Exercise description: In the records below, repeat word for word only the lines starting at the one that contains "สาเหตุมะเร็งกระเพาะอาหาร" and ending at the one that contains "fertilização in vitro em Curitiba", pictures excluded.

Information:
• • • • • • •

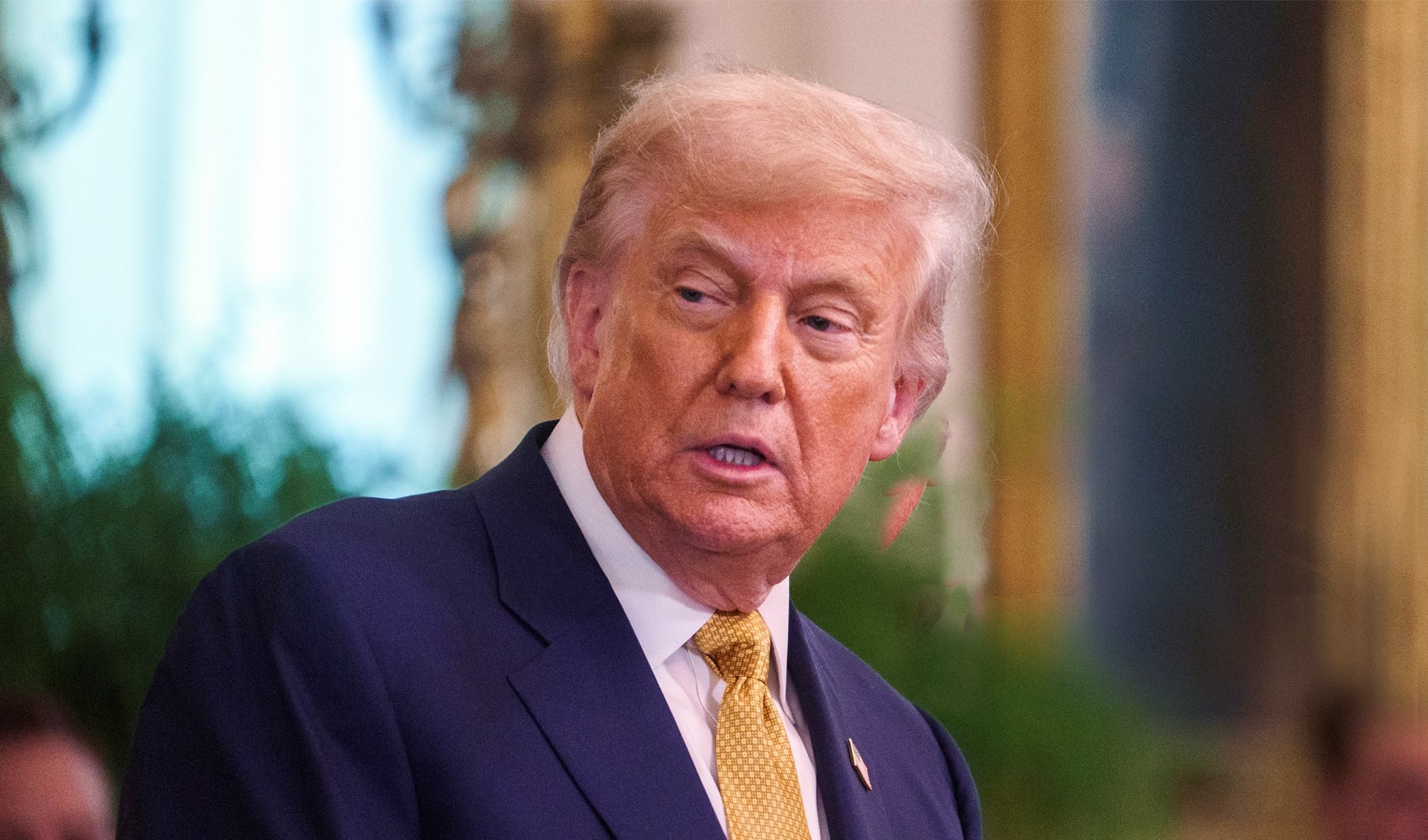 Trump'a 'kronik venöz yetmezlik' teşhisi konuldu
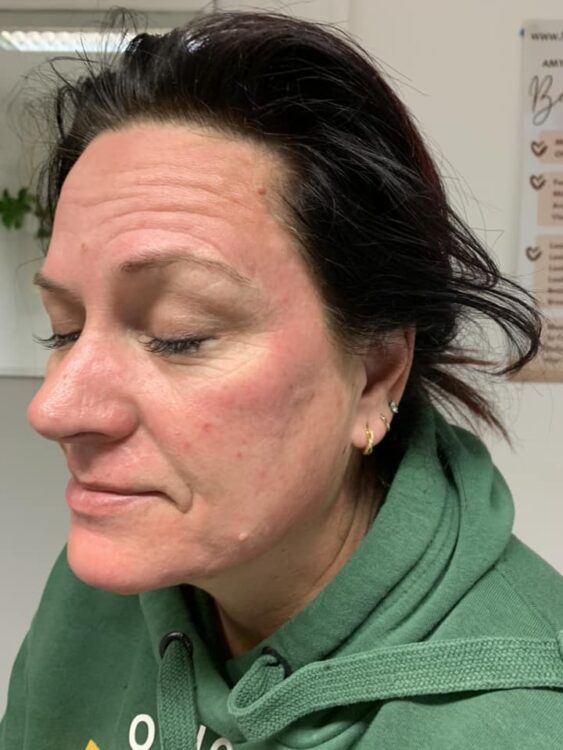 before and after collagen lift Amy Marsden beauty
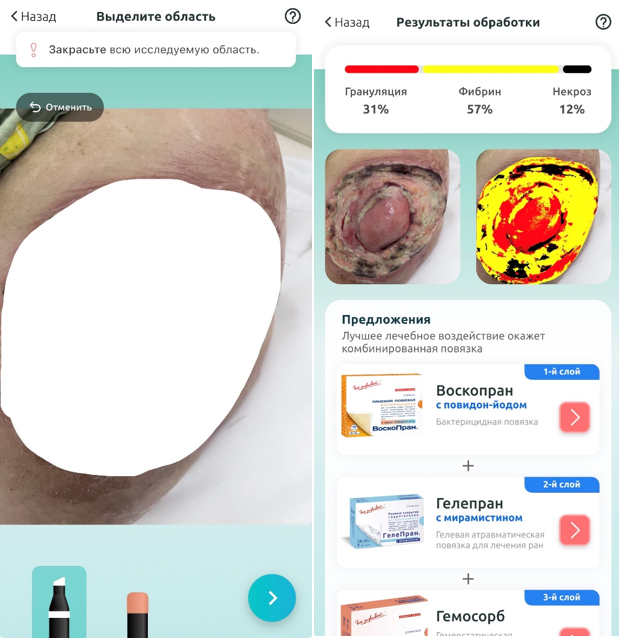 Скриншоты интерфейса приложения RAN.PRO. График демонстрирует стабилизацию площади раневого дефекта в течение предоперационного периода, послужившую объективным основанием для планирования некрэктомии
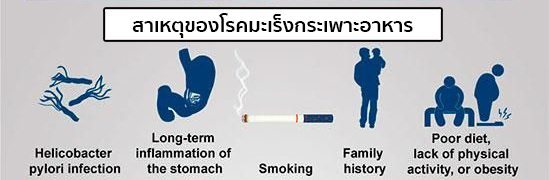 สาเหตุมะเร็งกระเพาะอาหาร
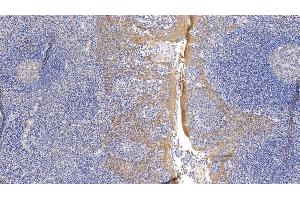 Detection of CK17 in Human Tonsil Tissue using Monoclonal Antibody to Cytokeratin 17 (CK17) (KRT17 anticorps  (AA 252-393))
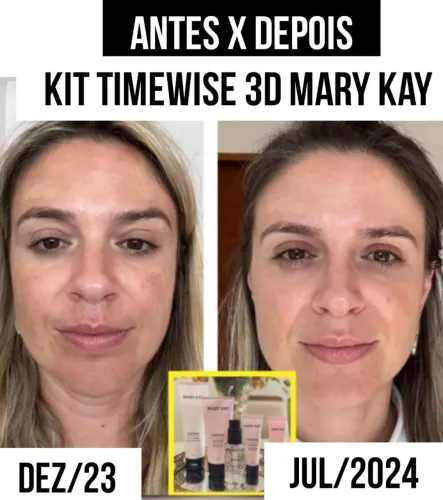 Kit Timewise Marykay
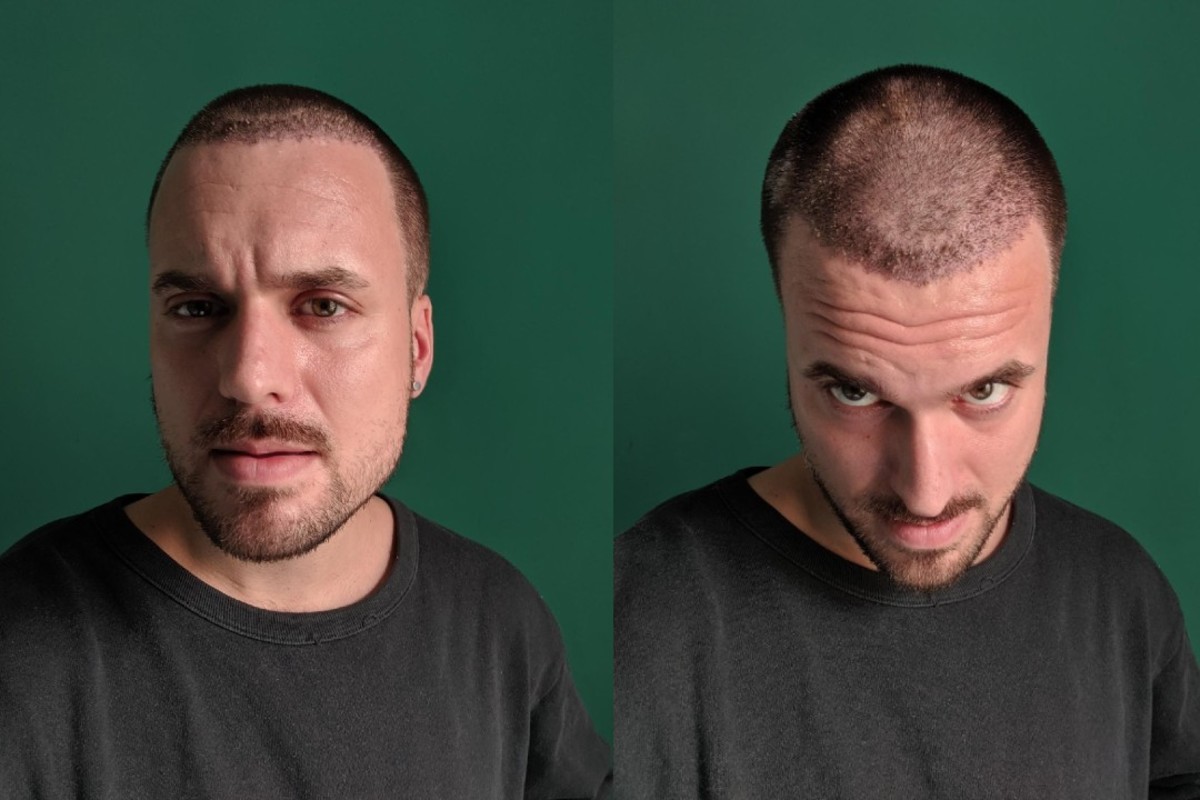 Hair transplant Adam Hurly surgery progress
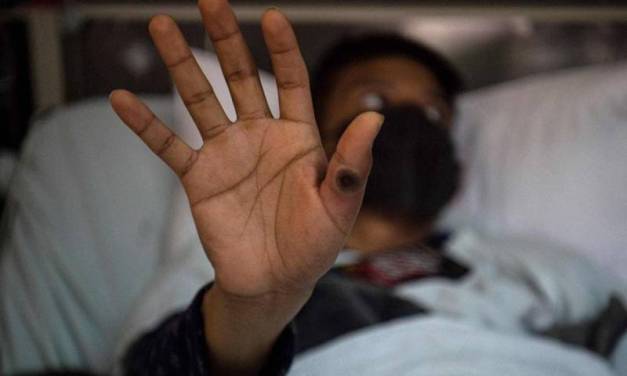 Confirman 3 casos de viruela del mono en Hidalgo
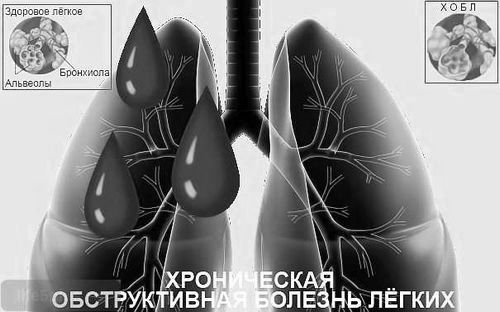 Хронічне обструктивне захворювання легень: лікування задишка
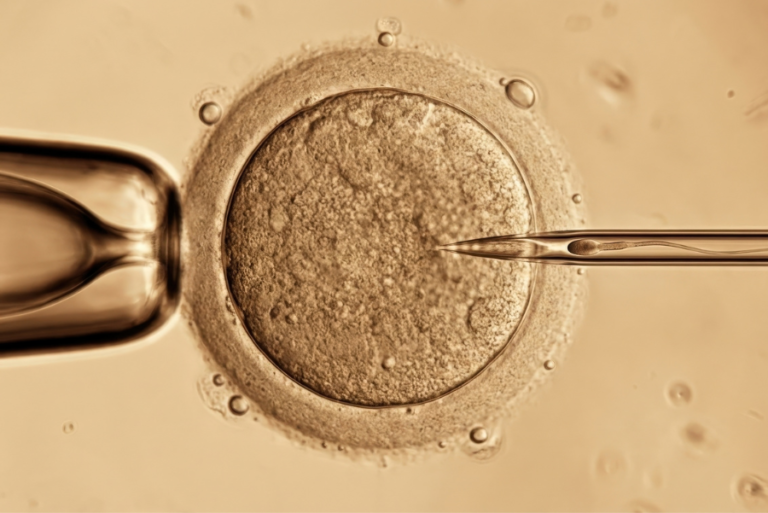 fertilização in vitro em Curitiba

• • • • • • •

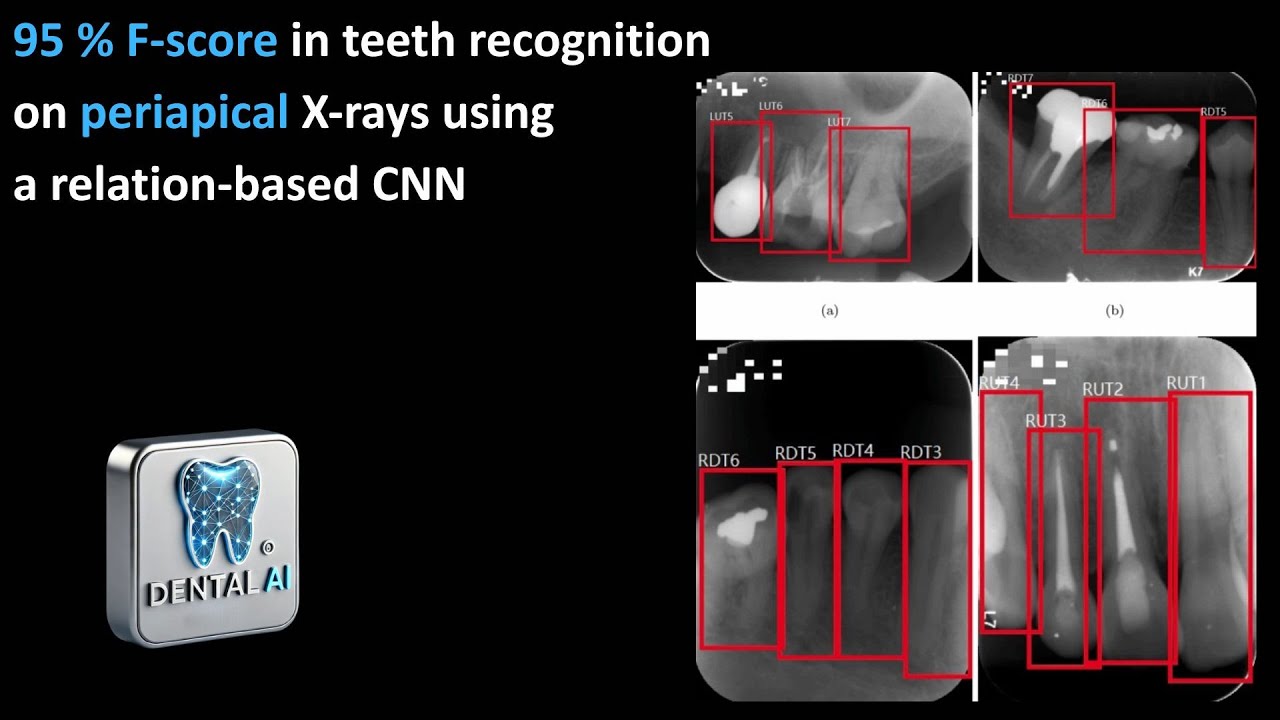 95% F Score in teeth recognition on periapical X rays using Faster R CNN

• • • • • • •

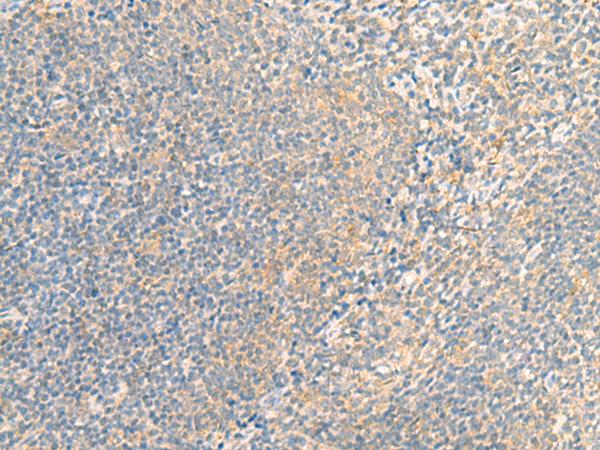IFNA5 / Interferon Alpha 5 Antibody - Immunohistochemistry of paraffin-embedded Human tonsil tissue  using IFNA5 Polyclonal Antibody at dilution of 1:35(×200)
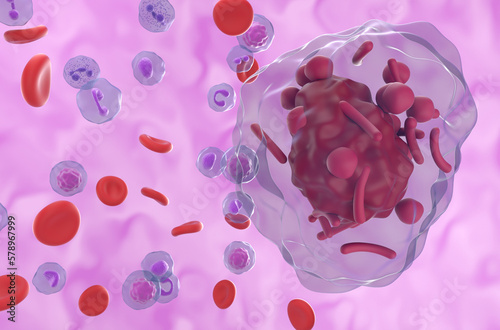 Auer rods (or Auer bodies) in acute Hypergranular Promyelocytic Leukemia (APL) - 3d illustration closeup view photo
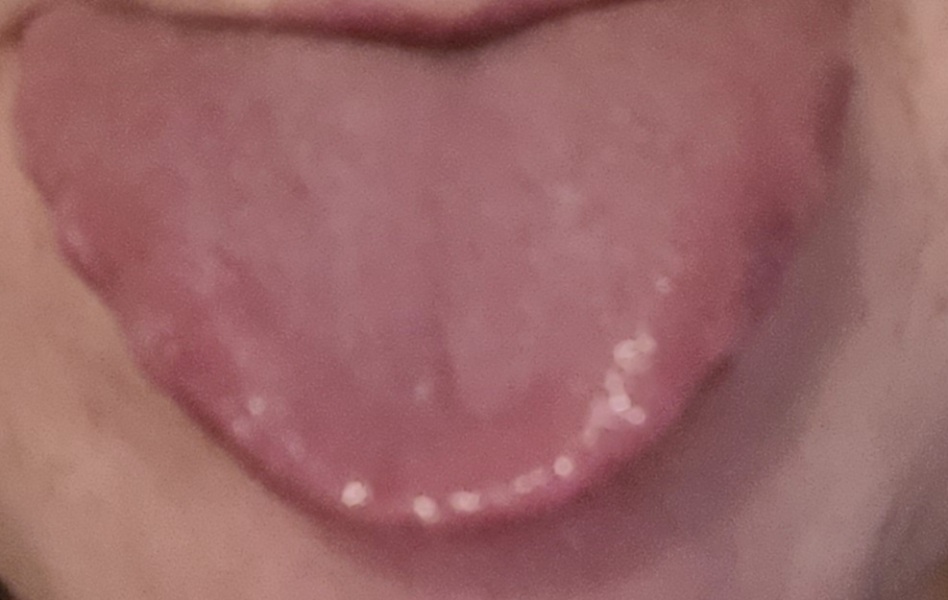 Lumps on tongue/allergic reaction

• • • • • • •

Exercise answer:
 สาเหตุมะเร็งกระเพาะอาหาร
 Detection of CK17 in Human Tonsil Tissue using Monoclonal Antibody to Cytokeratin 17 (CK17) (KRT17 anticorps  (AA 252-393))
 Kit Timewise Marykay
 Hair transplant Adam Hurly surgery progress
 Confirman 3 casos de viruela del mono en Hidalgo
 Хронічне обструктивне захворювання легень: лікування задишка
 fertilização in vitro em Curitiba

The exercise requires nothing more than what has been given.